DATA BLOCK:
=== Section Start ===
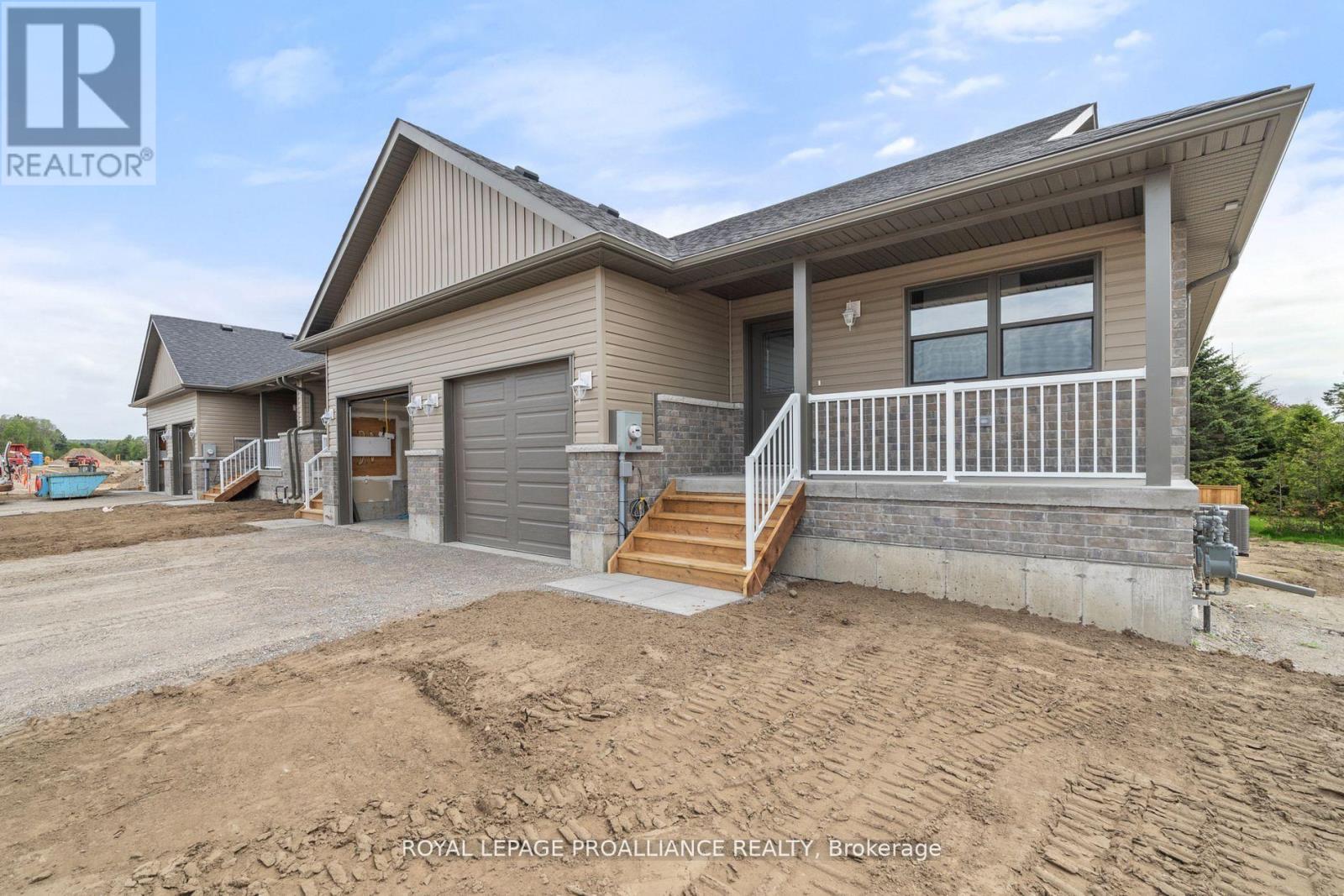 Property at 27 CLAYTON JOHN AVENUE image 2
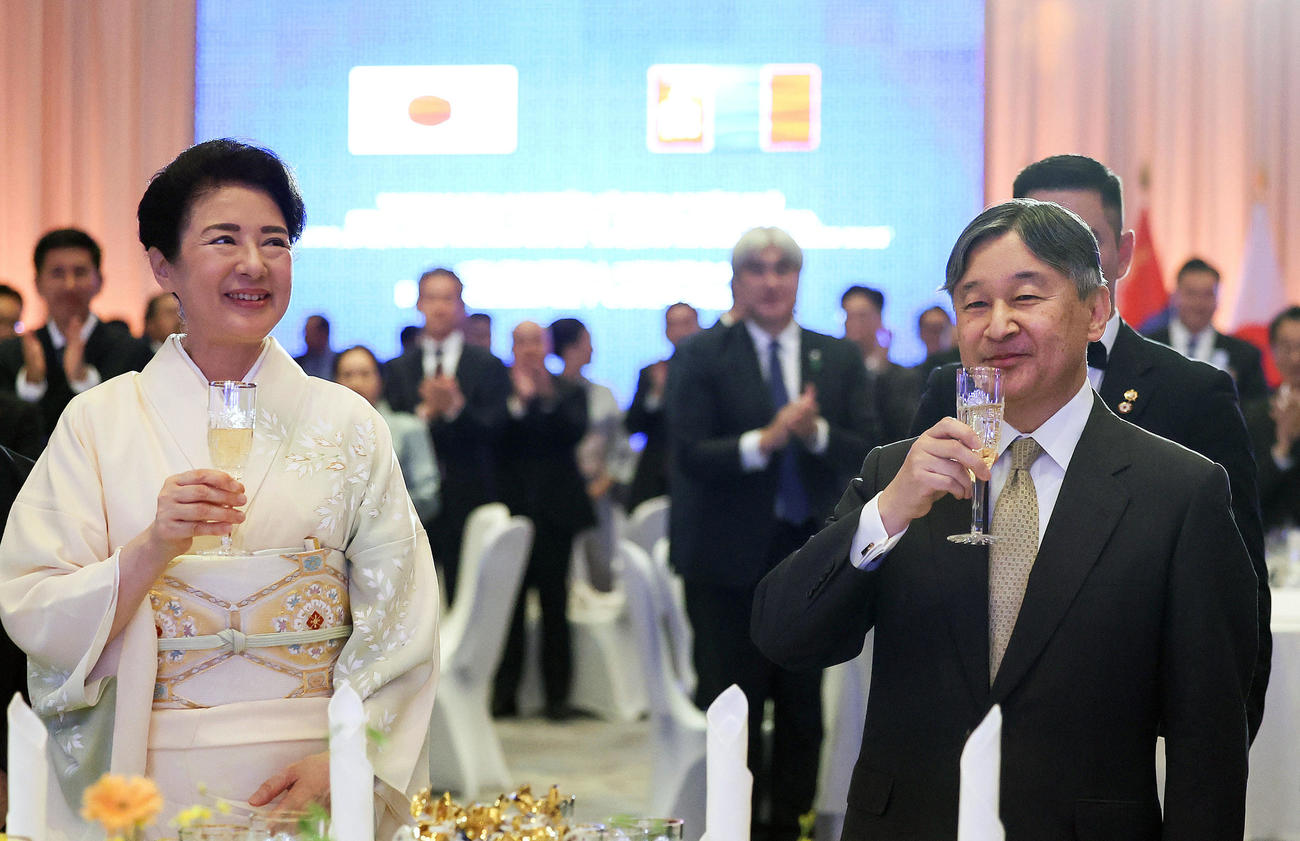 モンゴルのフレルスフ大統領夫妻主催の晩さん会で、乾杯される天皇、皇后両陛下＝8日、ウランバートル（代表撮影・共同）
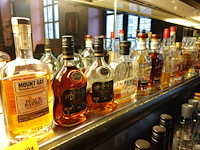 17x diverse flessen rum - afbeelding 1 van  6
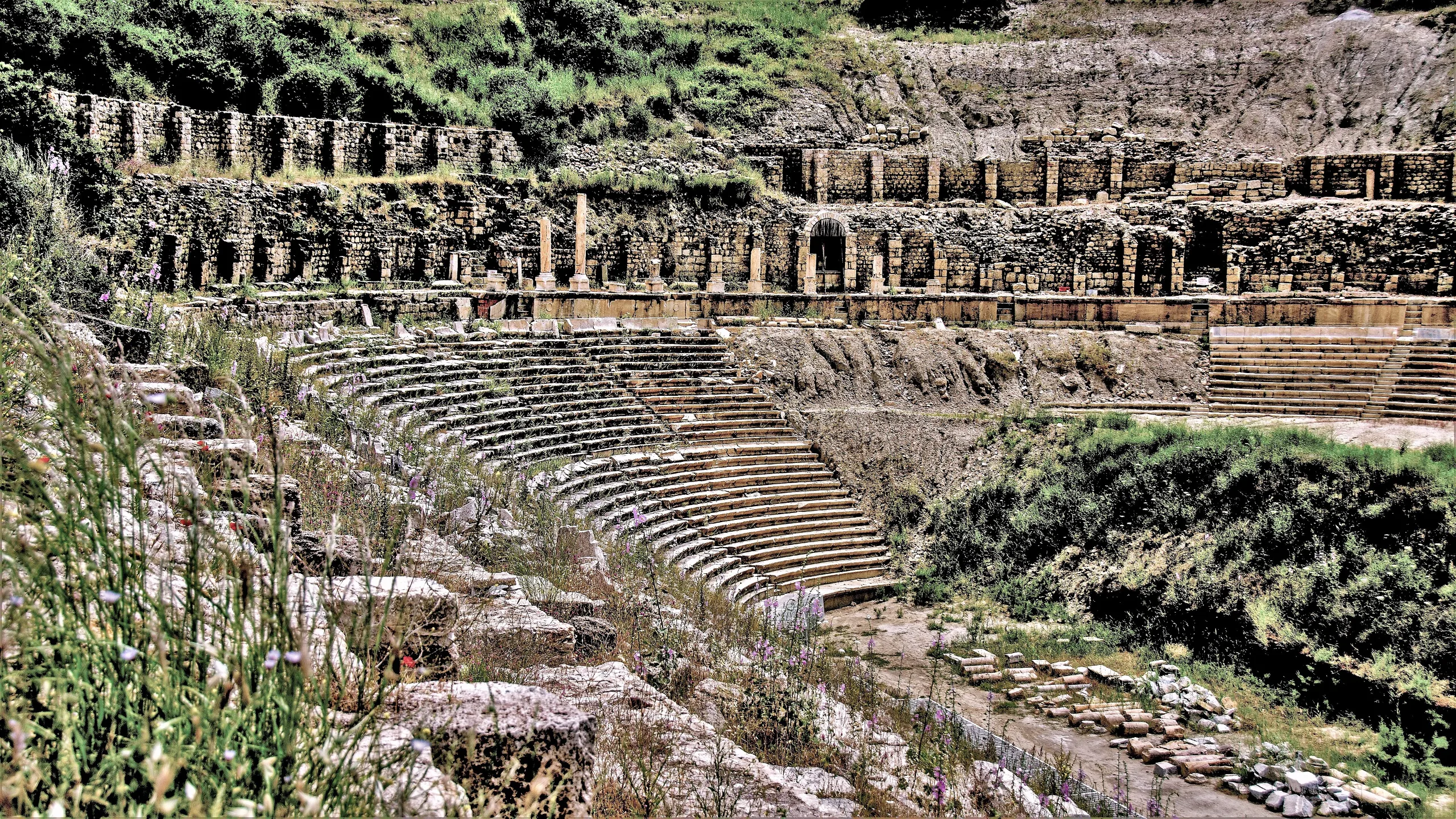Magnesia (Menderes Magnesiası)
=== Section End ===
Set down the complete material exactly, but do not include the images.

ANSWER BELOW:
 Property at 27 CLAYTON JOHN AVENUE image 2
 モンゴルのフレルスフ大統領夫妻主催の晩さん会で、乾杯される天皇、皇后両陛下＝8日、ウランバートル（代表撮影・共同）
 17x diverse flessen rum - afbeelding 1 van  6
Magnesia (Menderes Magnesiası)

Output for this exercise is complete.